Thampu had been shot in black and white by Shaji N. Karun on Indu Stock, an Indian brand of film stock that was manufactured in Ooty. The source material was in poor condition so the scanned film had thick black lines, very grainy images and required image stabilisation. In the print, the blacks were very black and the whites were very white, with no mid-tones and no details of shadows.

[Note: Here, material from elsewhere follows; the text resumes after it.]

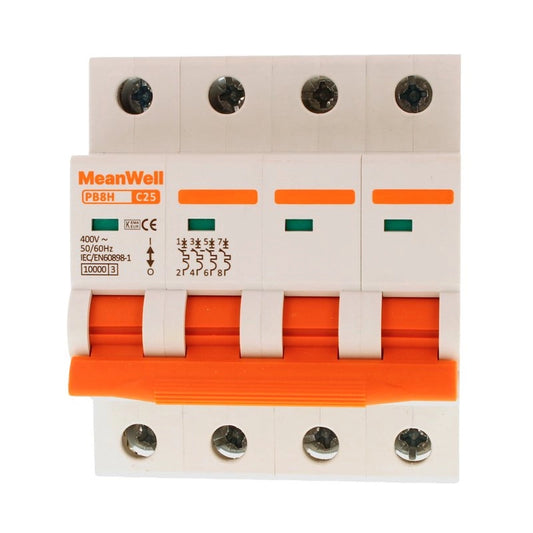 Interruttore Magnetetermico MeanWell Curva C 4P 4M 10kA C25A AC 400V IP20 IEC60898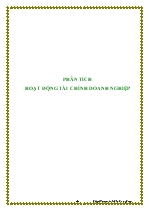 Phân tích hoạt động tài chính doanh nghiệp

Aravindan was always very particular about the sound design in his films and the sound was especially crucial in Thampu as it was shot in a cinema-verité style with a cast primarily of non-actors of the circus troupe where the ambient sound and detailing and layering of small details like the sound of the water, the murmur of voices and the buzz of insects were integral to the artistry of the film. The sound restoration of the film was particularly difficult as there was no original sound negative. The film restoration was selected for a red- carpet world premiere at the Cannes Classic selection.

After restoration the film has shown at the Il Cinema Ritrovato in Bologna, the BFI London Film Festival, the Film Restored Festival in Berlin and the Festival des 3 Continents in Nantes. The film was also screened at the Museum of Modern Art and several universities in USA. In India, the film was screened at the International Film Festival of Kerala. At the Festival des 3 Continents in Nantes, France in 2022 too the film played to full houses.